Di Indonesia, otoritas masalah keagamaan di bawah Majelis Ulama Indonesia (MUI). Untuk mengantisipasi
agar tidak terjadi kebingungan di kalangan umat akibat banyak dan beragamnya DPS. MUI sebagai
payung dari lembaga dan organisasi keislaman di Indonesia menganggap perlu dibentuknya suatu dewan
syariah yang bersifat nasional dan membawahi seluruh lembaga keuangan. Pada bulan Juli 1997 dalam
acara Lokakarya Reksadana Syariah dihasilkan rekomendasi pembentukan Dewan Syariah Nasional
(DSN). Lembaga ini didirikan pada tahun yang sama dan merupakan badan otonom MUI yang diketuai
secara eks-oficio oleh Ketua MUI. Sedangkan untuk kegiatan sehari-hari DSN dilaksanakan oleh Badan
Pelaksana Harian DSN. Bagi perusahaan yang akan membuka bank Islam atau lembaga keuangan
syariah lainnya, mereka harus mengajukan rekomendasi anggota DPS kepada DSN. Saat ini, Dewan
Syariah Nasional di Ketuai oleh KH. Ma’ruf Amin, salah satu Ketua MUI Pusat yang cukup produktif
menulis berbagai buku mengenai ekonomi syariah.
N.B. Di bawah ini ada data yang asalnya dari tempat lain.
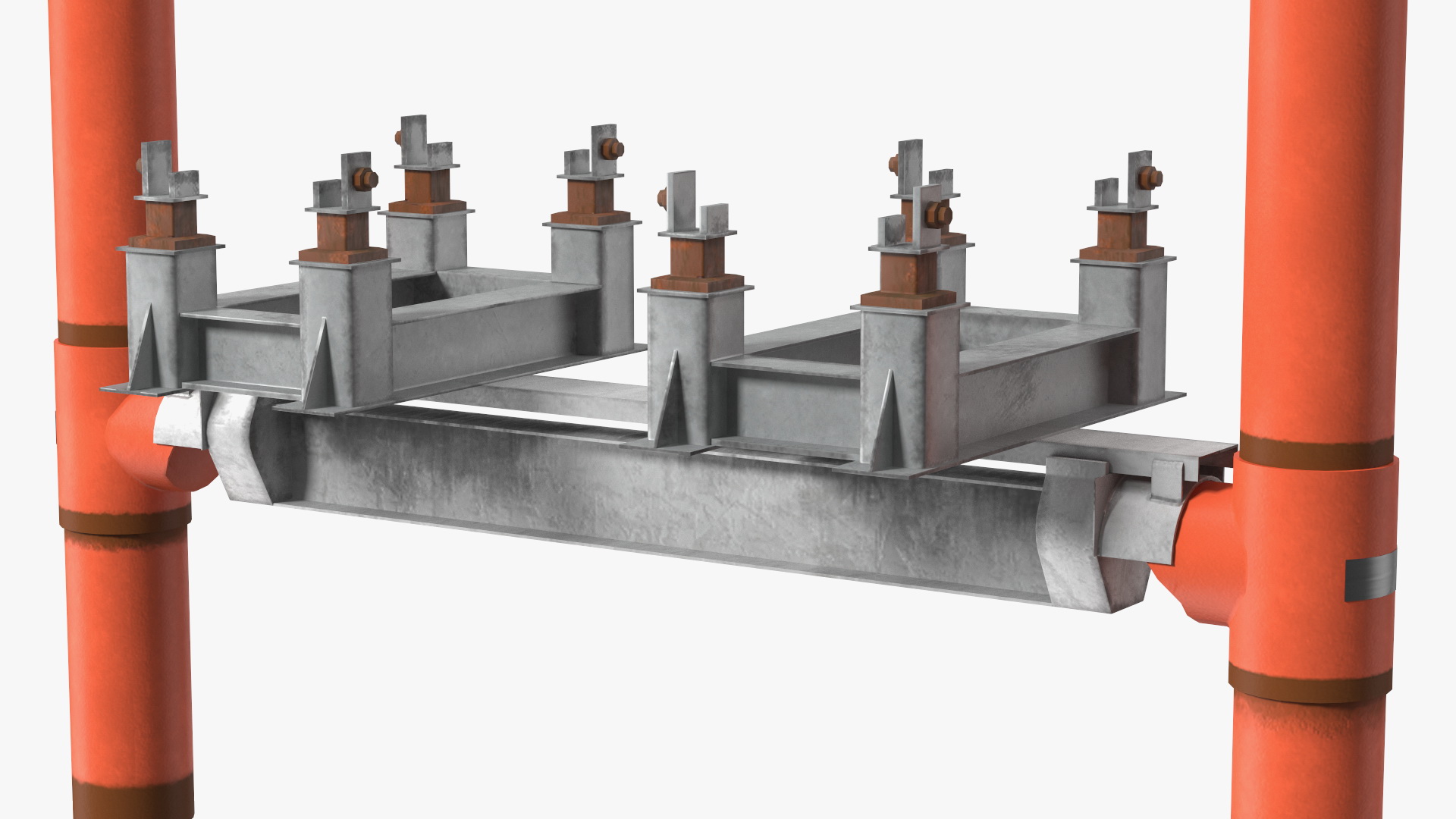 Gas Pipeline Double Support 3D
Berdasarkan laporan dari DPS pada masing-masing lembaga keuangan syariah, DSN dapat memberikan
teguran jika lembaga yang bersangkutan menyimpang dari garis panduan yang telah ditetapkan. Jika
lembaga yang bersangkutan tidak mengindahkan teguran yang diberikan, DSN dapat mengajukan
rekomendasi kepada lembaga yang memiliki otoritas, seperti Bank Indonesia dan Departemen Keuangan
untuk memberikan sanksi.

Sumber penulisan :
1. DR. Syafiie Antonio, Bank Syariah dari Teori ke Praktek.
2. Dr. Ir. H. M. Amin Azis, Mengembangkan Bank Islam di Indonesia.
3. Artikel Khusus, “Bank Menurut Konsep Syariah Islam”, Majalah Mimbar Ulama, MUI.
4. Tim Pengembangan Perbankan Syariah Institut Bankir Indonesia.